To begin to make sense of the Falkland Islands, I spend a morning at the Falkland Islands Museum.
On display is maritime memorabilia, fossils, stuffed birds, a replica of a 1930 grocer’s store and, of course, exhibits relating to the 1982 Falklands War, the ten-week war between Argentina and the United Kingdom over the Falkland Islands and South Georgia – still a major theme for islanders.
I read some newspaper reports and look at islanders’ photos from those days. There is a reconstruction of a typical Argentine conscripts’ bunker – poignant and pathetic – and, outside, a recent acquisition: a restored Argentine Panhard armored vehicle. On my stroll back into the “center” of this tiny town I see a street called Thatcher Drive. Many may hate Maggie in the UK, dead or alive, but they love her here.
Historian and guide Tony Smith takes me out to see the Camp – as the Falklanders call the rural interior – and the main battlefield sites. I have never done much in the way of battlefield tourism in Europe – it is not my thing. But listening to Tony and standing in the drizzle at Tumbledown, Darwin and Goose Green, seeing where Lt Col H Jones was killed, and then paying my respects at the Argentine cemetery is moving as well as fascinating. I have my teenage memories of the war – I was 16 when it broke out – but now the story becomes real.

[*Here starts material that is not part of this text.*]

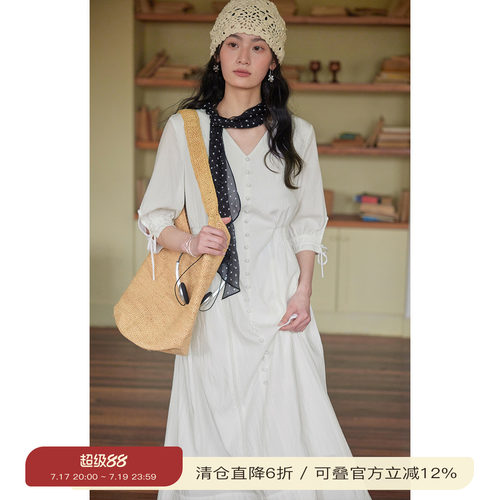 solighter法式莱赛尔v领连衣裙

The weather helps. At Goose Green, the rain arrives, first as drizzle, but soon as violent, wind-howling, skin-drenching squall. “This is exactly how the weather was during many of the battles, including Darwin and Goose Green,” shouts Tony. “I’d love you to see the islands on a lovely summer’s day, but at least now you can imagine what it was like for the soldiers.”